Last Updated on October 30, 2020, by eNotes Editorial. Word Count: 734
Mistress Quickly, Nym, Pistol, Boy, and Bardolph mourn Sir John Falstaff’s death. Bardolph wonders whether Falstaff is in heaven or hell. Upon hearing this, Mistress Quickly says that Falstaff died peacefully and is most assuredly not in hell.
According to Nym and Bardolph, respectively, Falstaff cried out against wine and women before his death. Boy corroborates this, adding that Falstaff called women “devils incarnate.” Mistress Quickly chooses to misunderstand and says that Falstaff was instead talking about the “whore of Babylon,” an allusion to the biblical book of Revelations.
Meanwhile, Nym reminds everyone that the king will soon be leaving Southampton and that they must also take their leave. Bardolph then kisses Mistress Quickly goodbye and admonishes her to trust no man’s oaths while he is gone. She is to accept nothing less than cash for services rendered at their inn in his absence.
The king of France, the Dauphin, and the dukes of Berri, Brabant, Orleans, and Bretagne meet to discuss military strategy against the advancing English army. The Dauphin tells his father that they should make their preparations without any show of anxiety. After all, England is led by a “vain, giddy, shallow, humorous youth,” from whom they have nothing to fear.
The Constable of France disagrees with the Dauphin’s assessment. He warns that Henry’s previous “vanities” have been replaced by a calm, resolute strength that shouldn’t be underestimated.
The king of France then tells his military leaders to remember the battle of Crecy, when Edward the Black Prince of Wales captured all the princes of France.
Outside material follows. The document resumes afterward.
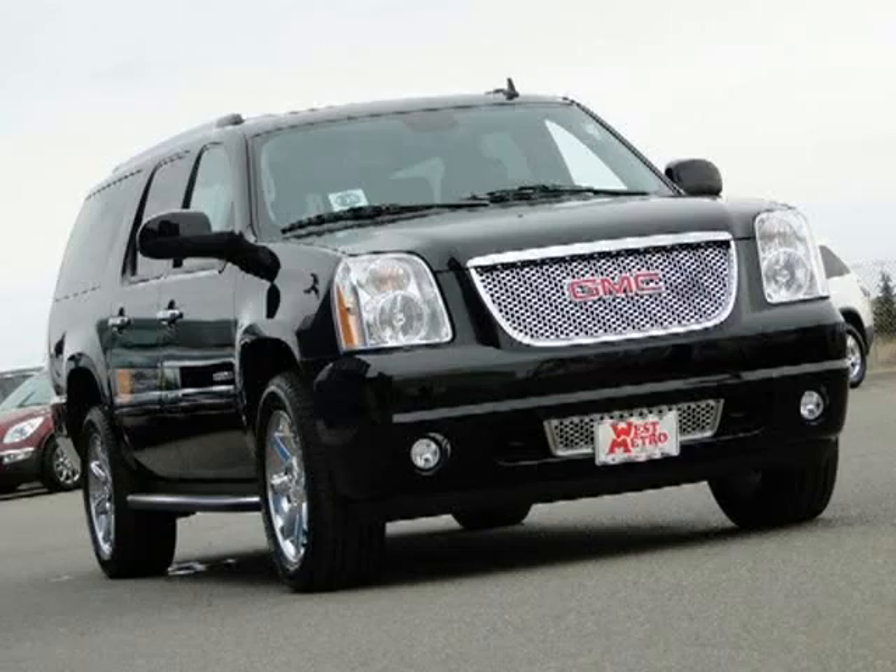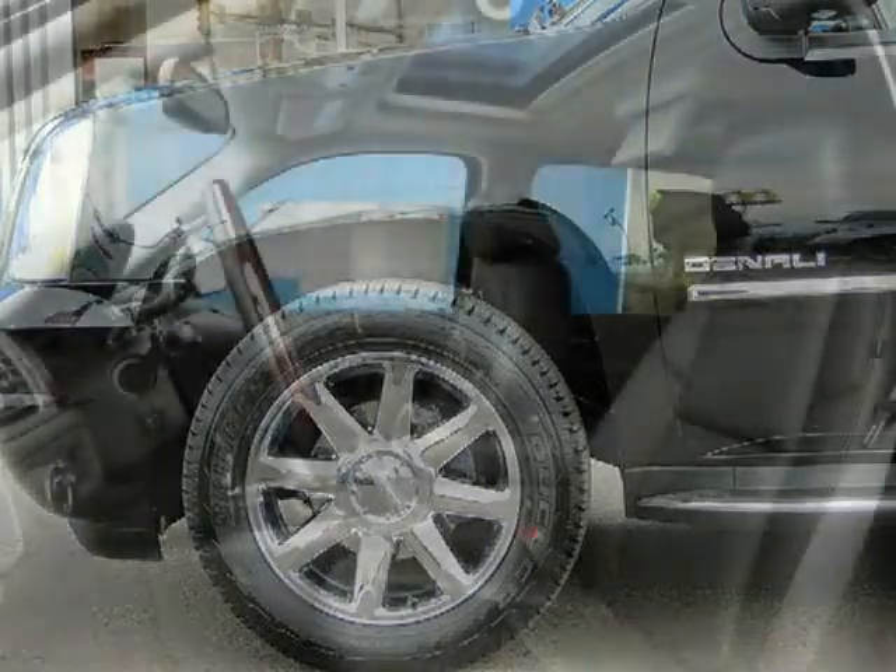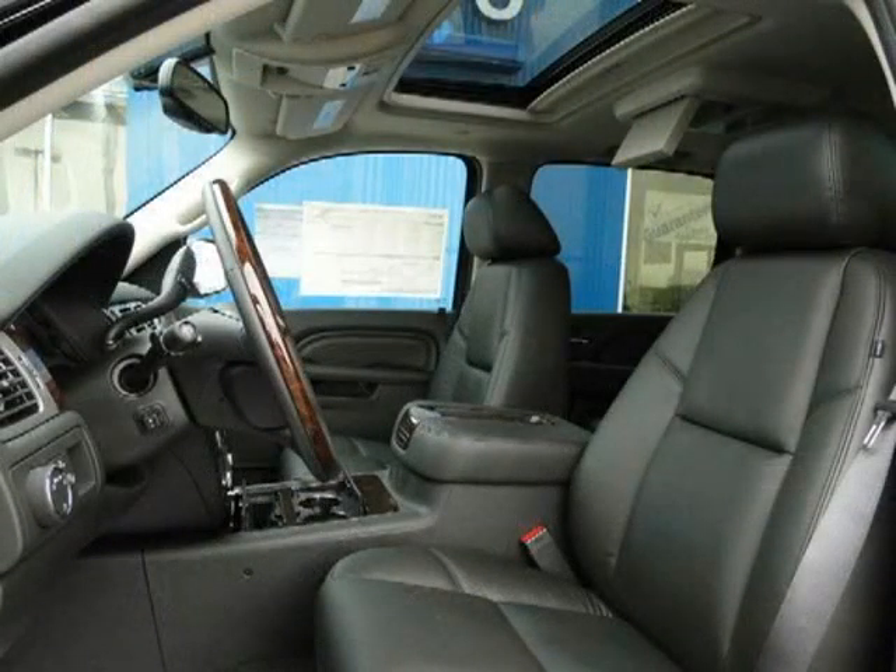This 2011 GMC Yukon XL Sport Utility is located in Monticello, MN, and has zero miles on it. This sport utility has a beautiful onyx black exterior paint color which is complemented by an ebony interior color.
In short, they must meet the English with strength or risk being humiliated again.
A messenger enters, announcing Exeter’s arrival at the French court. “In the name of God Almighty” and on Henry’s behalf, Exeter tells the king of France to divest himself of his crown. If he refuses, bloodshed will follow.
Exeter says he also has a message for the Dauphin. He tells the Dauphin that Henry sends nothing but “Scorn and defiance, slight regard, [and] contempt.” In addition, Henry warns that if the king of France fails to make amends for the Dauphin’s mocking gift, he will respond with the deafening echo of English cannons.
The effect will be so devastating that even the caverns of France will “chide” the Dauphin for his “trespass” against Henry. In response, the king of France promises that Henry will have his answer the next day.
In this section, Shakespeare highlights the themes of betrayal and power. Henry, the previously betrayed, has now become the betrayer. To illustrate Falstaff’s complete marginalization by Henry, Shakespeare gives the knight no dialogue or stage presence. In fact, Henry’s rejection of Falstaff is foreshadowed in the last scene of Henry IV, Part II.
During his coronation march in act 5, scene 5 of Henry IV, Part II, Henry banishes his former friend from his presence. In doing so, Henry demonstrates his power and dominance:
Approach me, and thou shalt be as thou wast,
The tutor and the feeder of my riots.
Till then I banish thee, on pain of death,
As I have done the rest of my misleaders,
Not to come near our person by ten mile.
Hence, Falstaff dies alone, bereft of the comforting presence of his old friend. Essentially, Henry has his sights trained on France and must divest himself of all distractions. Interestingly, the character of Falstaff is modeled after Sir John Oldcastle, a leader of the Lollards and personal friend of Henry’s. In the early 15th century, the Lollards were considered heretics who rejected the authority of priests, emphasized the primacy of Scripture, and rejected image worship. Oldcastle led a rebellion against Henry before being captured and executed. In Henry V, Henry rids himself of his old friend Falstaff through dismissive neglect.
Thus, the primary focus in this section is Henry’s rejection of his profligate past and his utter reinvention of self. Shakespeare portrays Henry as a king taking on the mantle of leadership as England prepares for war. The playwright also reminds his audience that Henry's forefathers waged successful military campaigns in France and that he is equally capable of doing the same. By utterly rejecting his past, Henry can now look ahead, secure in what he believes to be his proper claim to the French crown.